Quote exactly and only this range of lines in the data below: the line that holds "Superbaking Silicone Bread" to the line that holds "KAL-Etui Coque Pour", both included.

[Collected data entries]
-----
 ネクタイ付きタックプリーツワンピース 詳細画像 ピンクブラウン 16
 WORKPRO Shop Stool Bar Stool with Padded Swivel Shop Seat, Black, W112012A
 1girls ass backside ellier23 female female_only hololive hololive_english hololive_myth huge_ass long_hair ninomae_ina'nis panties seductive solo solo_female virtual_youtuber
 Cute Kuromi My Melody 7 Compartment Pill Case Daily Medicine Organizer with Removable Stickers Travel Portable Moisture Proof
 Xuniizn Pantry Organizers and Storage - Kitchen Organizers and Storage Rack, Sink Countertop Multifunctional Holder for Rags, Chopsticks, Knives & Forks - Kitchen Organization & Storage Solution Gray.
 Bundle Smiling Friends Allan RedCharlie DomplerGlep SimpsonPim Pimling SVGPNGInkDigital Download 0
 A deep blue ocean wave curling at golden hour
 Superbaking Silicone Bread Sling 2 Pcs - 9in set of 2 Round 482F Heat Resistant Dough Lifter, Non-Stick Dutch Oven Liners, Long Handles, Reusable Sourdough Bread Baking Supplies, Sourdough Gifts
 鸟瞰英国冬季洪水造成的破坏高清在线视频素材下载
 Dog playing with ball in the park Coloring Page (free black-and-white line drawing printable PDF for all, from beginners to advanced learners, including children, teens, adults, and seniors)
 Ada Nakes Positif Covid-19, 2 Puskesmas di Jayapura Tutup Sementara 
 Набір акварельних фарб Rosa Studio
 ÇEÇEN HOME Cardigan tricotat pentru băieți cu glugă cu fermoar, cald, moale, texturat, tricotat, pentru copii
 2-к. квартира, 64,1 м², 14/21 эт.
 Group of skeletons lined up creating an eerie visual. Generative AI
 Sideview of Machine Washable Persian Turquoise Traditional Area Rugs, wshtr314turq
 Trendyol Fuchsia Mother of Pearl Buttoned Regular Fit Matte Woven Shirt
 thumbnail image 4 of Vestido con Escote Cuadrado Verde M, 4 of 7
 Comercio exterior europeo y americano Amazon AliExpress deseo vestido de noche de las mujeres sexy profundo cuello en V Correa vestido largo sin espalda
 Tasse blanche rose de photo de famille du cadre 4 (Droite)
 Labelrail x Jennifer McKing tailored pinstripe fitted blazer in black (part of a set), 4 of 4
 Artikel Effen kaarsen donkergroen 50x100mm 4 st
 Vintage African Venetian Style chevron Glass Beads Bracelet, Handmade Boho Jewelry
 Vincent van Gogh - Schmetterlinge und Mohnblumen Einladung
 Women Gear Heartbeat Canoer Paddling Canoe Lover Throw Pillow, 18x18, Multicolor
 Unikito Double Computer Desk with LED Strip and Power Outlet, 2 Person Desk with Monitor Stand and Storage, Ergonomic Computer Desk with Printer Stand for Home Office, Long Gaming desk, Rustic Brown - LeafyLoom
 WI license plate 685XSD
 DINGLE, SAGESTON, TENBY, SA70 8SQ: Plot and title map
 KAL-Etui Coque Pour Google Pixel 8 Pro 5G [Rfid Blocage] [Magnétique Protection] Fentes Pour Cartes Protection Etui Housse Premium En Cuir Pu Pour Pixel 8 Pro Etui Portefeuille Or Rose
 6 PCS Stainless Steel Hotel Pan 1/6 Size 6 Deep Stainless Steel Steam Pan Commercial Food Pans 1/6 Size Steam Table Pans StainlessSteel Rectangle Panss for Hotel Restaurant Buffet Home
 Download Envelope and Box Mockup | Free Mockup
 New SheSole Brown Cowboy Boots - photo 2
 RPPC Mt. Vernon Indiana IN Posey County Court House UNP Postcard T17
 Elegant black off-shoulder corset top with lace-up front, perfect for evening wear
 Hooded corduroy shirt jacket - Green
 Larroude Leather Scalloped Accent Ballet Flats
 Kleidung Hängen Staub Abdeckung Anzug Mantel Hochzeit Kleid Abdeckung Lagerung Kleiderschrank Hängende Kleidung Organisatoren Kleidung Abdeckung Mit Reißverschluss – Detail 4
-----
WRITTEN REPLY:
 Superbaking Silicone Bread Sling 2 Pcs - 9in set of 2 Round 482F Heat Resistant Dough Lifter, Non-Stick Dutch Oven Liners, Long Handles, Reusable Sourdough Bread Baking Supplies, Sourdough Gifts
 鸟瞰英国冬季洪水造成的破坏高清在线视频素材下载
 Dog playing with ball in the park Coloring Page (free black-and-white line drawing printable PDF for all, from beginners to advanced learners, including children, teens, adults, and seniors)
 Ada Nakes Positif Covid-19, 2 Puskesmas di Jayapura Tutup Sementara 
 Набір акварельних фарб Rosa Studio
 ÇEÇEN HOME Cardigan tricotat pentru băieți cu glugă cu fermoar, cald, moale, texturat, tricotat, pentru copii
 2-к. квартира, 64,1 м², 14/21 эт.
 Group of skeletons lined up creating an eerie visual. Generative AI
 Sideview of Machine Washable Persian Turquoise Traditional Area Rugs, wshtr314turq
 Trendyol Fuchsia Mother of Pearl Buttoned Regular Fit Matte Woven Shirt
 thumbnail image 4 of Vestido con Escote Cuadrado Verde M, 4 of 7
 Comercio exterior europeo y americano Amazon AliExpress deseo vestido de noche de las mujeres sexy profundo cuello en V Correa vestido largo sin espalda
 Tasse blanche rose de photo de famille du cadre 4 (Droite)
 Labelrail x Jennifer McKing tailored pinstripe fitted blazer in black (part of a set), 4 of 4
 Artikel Effen kaarsen donkergroen 50x100mm 4 st
 Vintage African Venetian Style chevron Glass Beads Bracelet, Handmade Boho Jewelry
 Vincent van Gogh - Schmetterlinge und Mohnblumen Einladung
 Women Gear Heartbeat Canoer Paddling Canoe Lover Throw Pillow, 18x18, Multicolor
 Unikito Double Computer Desk with LED Strip and Power Outlet, 2 Person Desk with Monitor Stand and Storage, Ergonomic Computer Desk with Printer Stand for Home Office, Long Gaming desk, Rustic Brown - LeafyLoom
 WI license plate 685XSD
 DINGLE, SAGESTON, TENBY, SA70 8SQ: Plot and title map
 KAL-Etui Coque Pour Google Pixel 8 Pro 5G [Rfid Blocage] [Magnétique Protection] Fentes Pour Cartes Protection Etui Housse Premium En Cuir Pu Pour Pixel 8 Pro Etui Portefeuille Or Rose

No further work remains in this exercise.